Which is good as far as it goes. But Wiener and Grayson -- even a few dozen Wieners and Graysons -- aren't going to move the political needle.
Don't get me wrong -- I love snark. But snark isn't how you seize control of the debate. Snark certainly isn't how Republicans seize control of the debate.
Republicans pols (and, to some extent, Republican media personalities) seize the debate by seeming Very. Very. Serious. They're somber. They're deeply concerned. They just don't know if the Republic can survive, and they speak in concerned, humorless tones, or angry, humorless tones, because These Are Perilous Times.
You know that tone. You hear it from Mitch McConnell and John Boehner and Newt Gingrich, and lesser-known Republican mouthpieces, practically every day.

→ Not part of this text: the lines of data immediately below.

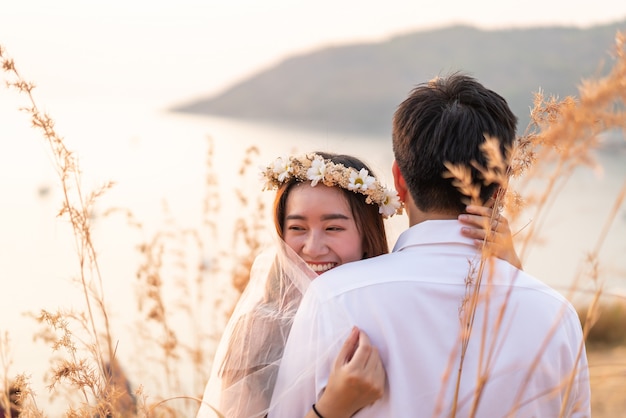 Happy young Asian couple in love having a good time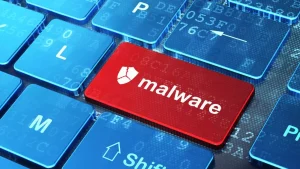 Hospital computer with malware alert symbol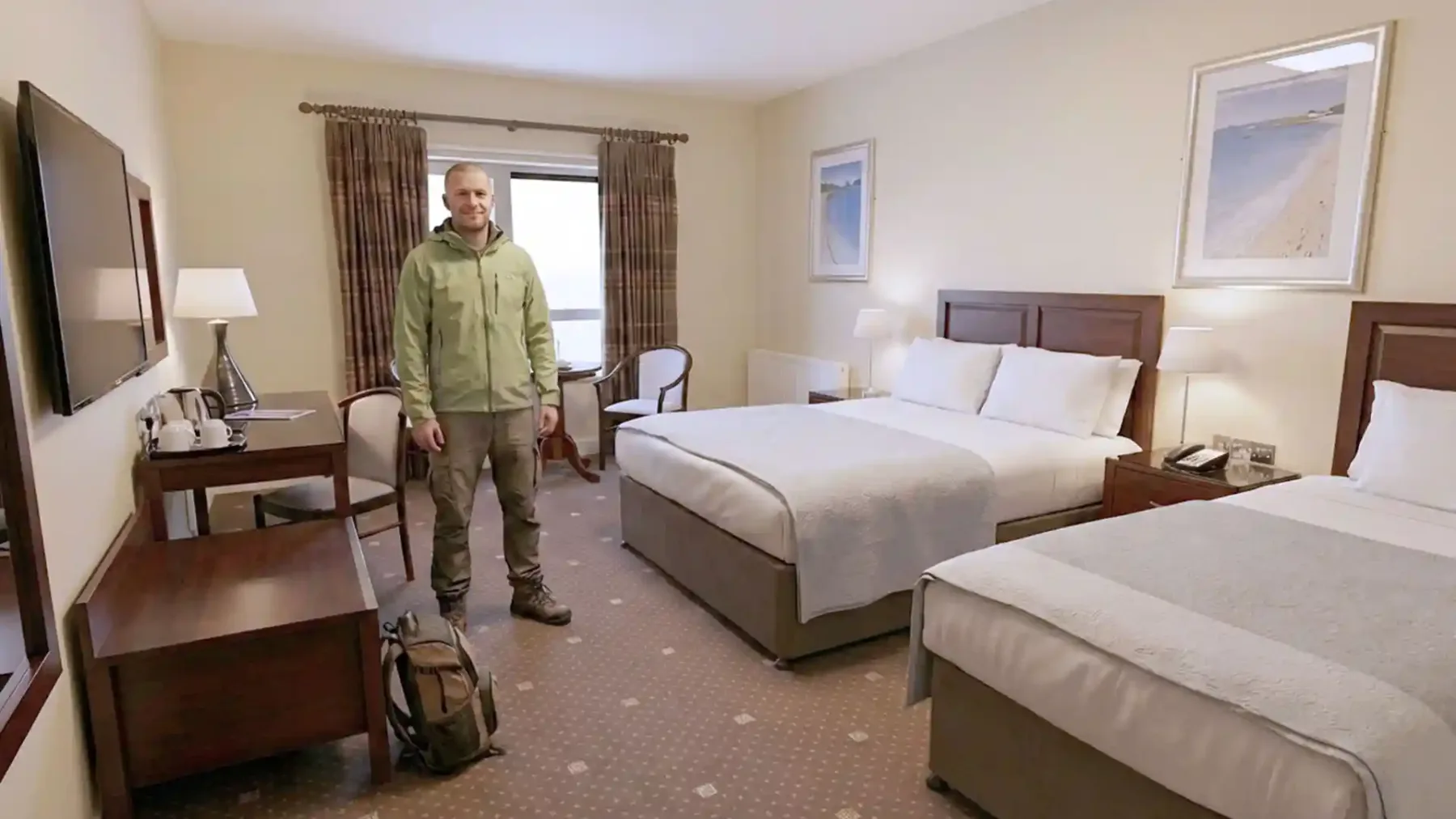 Espacio representativo del hotel: Un dormitorio de hotel con dos camas, mesillas y un televisor montado en la pared.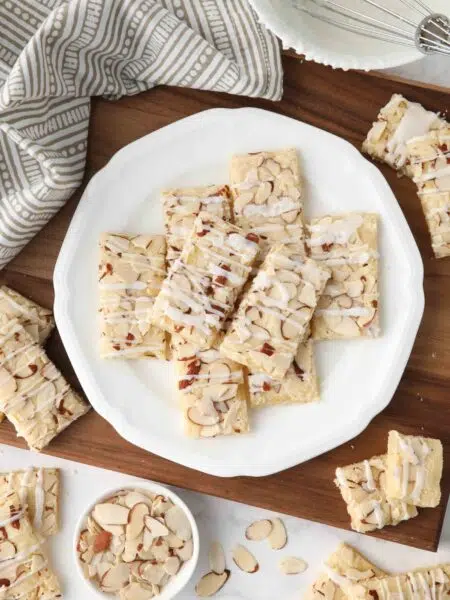 Thin rectangle almond bars with sliced almonds and drizzled glaze on a plate.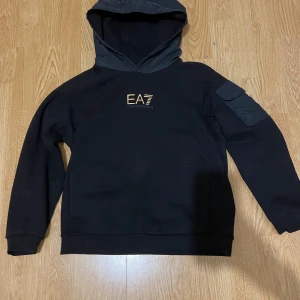 Svart EA7 hoodie med ficka på ärmen 150 cm - Svart hoodie från EA7 Emporio Armani med guldtryck på bröstet. Tröjan har en stor huva, lång ärm och en cool ficka med lock på ena ärmen. Mjuk bomullskänsla och klassisk passform, perfekt för chill dagar. Snygg och enkel design som sticker ut med loggan. Köpt för 1000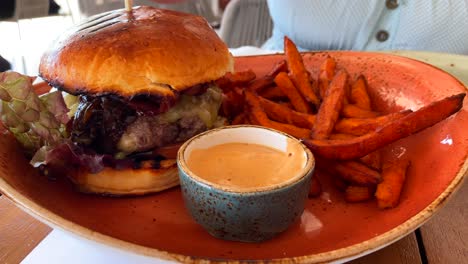 Dipping-sweet-potato-fries-in-spicy-mayonnaise-sauce,-cheeseburger-with-a-brioche-bun,-fast-food-restaurant,-4K-shot
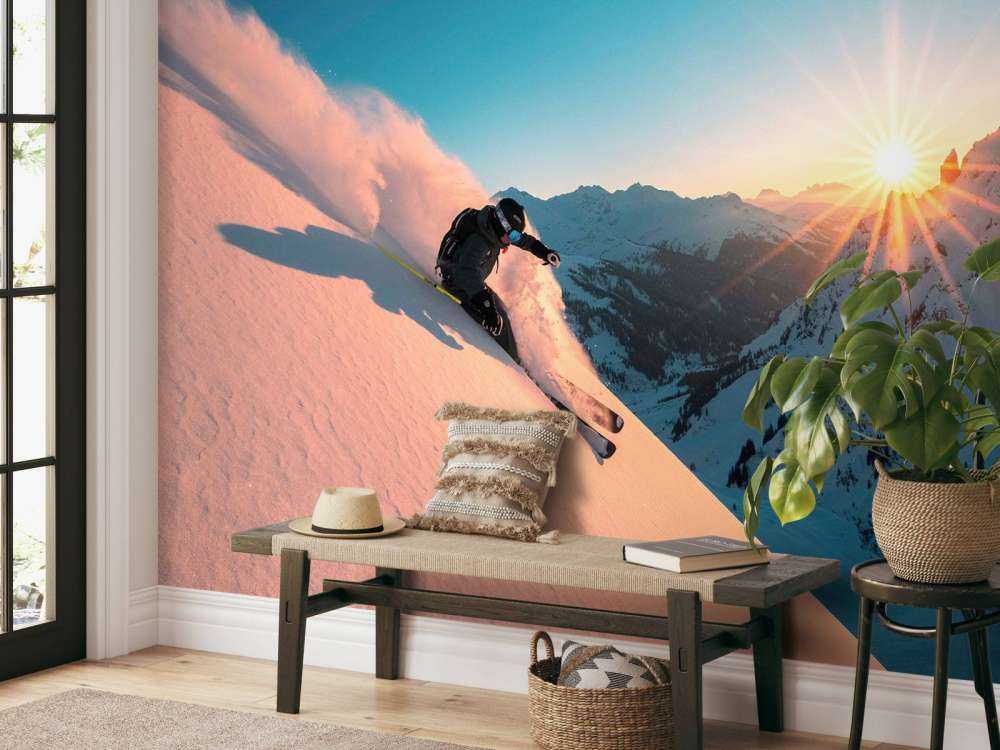 Sneeuwafdaling bij vurige zonsondergang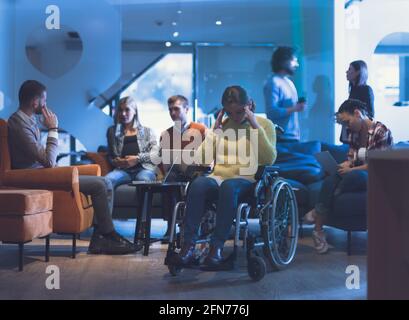 Ritratto di una donna d'affari disabile su una sedia a rotelle di fronte il suo team aziendale in ufficio Foto Stock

Snark? A snark-meister seems as if he's unfazed by what's happening to him. Read the Weiner excerpt above -- Weiner seems as if Republicans really haven't gotten the better of him. Alan Grayson's riffs suggest the same thing -- what Republicans are doing isn't putting us in peril, it's a joke (or they're a joke).
Republicans don't talk like that. Even joke-tellers on the right don't talk like that. Glenn Beck frequently acts like a giddy four-year-old on a sugar rush, but then he goes deadly earnest about the danger we evil lefties and Democrats are putting the country in. Same for Rush Limbaugh -- he tells a few cornball jokes, but the menace of liberalism is, to him, really serious. Even the frequently sarcastic Sarah Palin drops the sarcasm and talks as if everything we do is a life-or-death matter for America.
Much as I appreciate the Graysons and Weiners, we need some people (besides Olbermann and Maddow) who can do that life-or-death thing back to the GOP. We need some politicians who can do it -- who can go on Sunday morning chat shows and proclaim melodramatically that if we follow the Republicans' lead, we're doomed.
It happens to be true. But until we have a phalanx of pols who can say it, and say it as if they mean it all the time, we won't really have a chance of getting through to the public at large.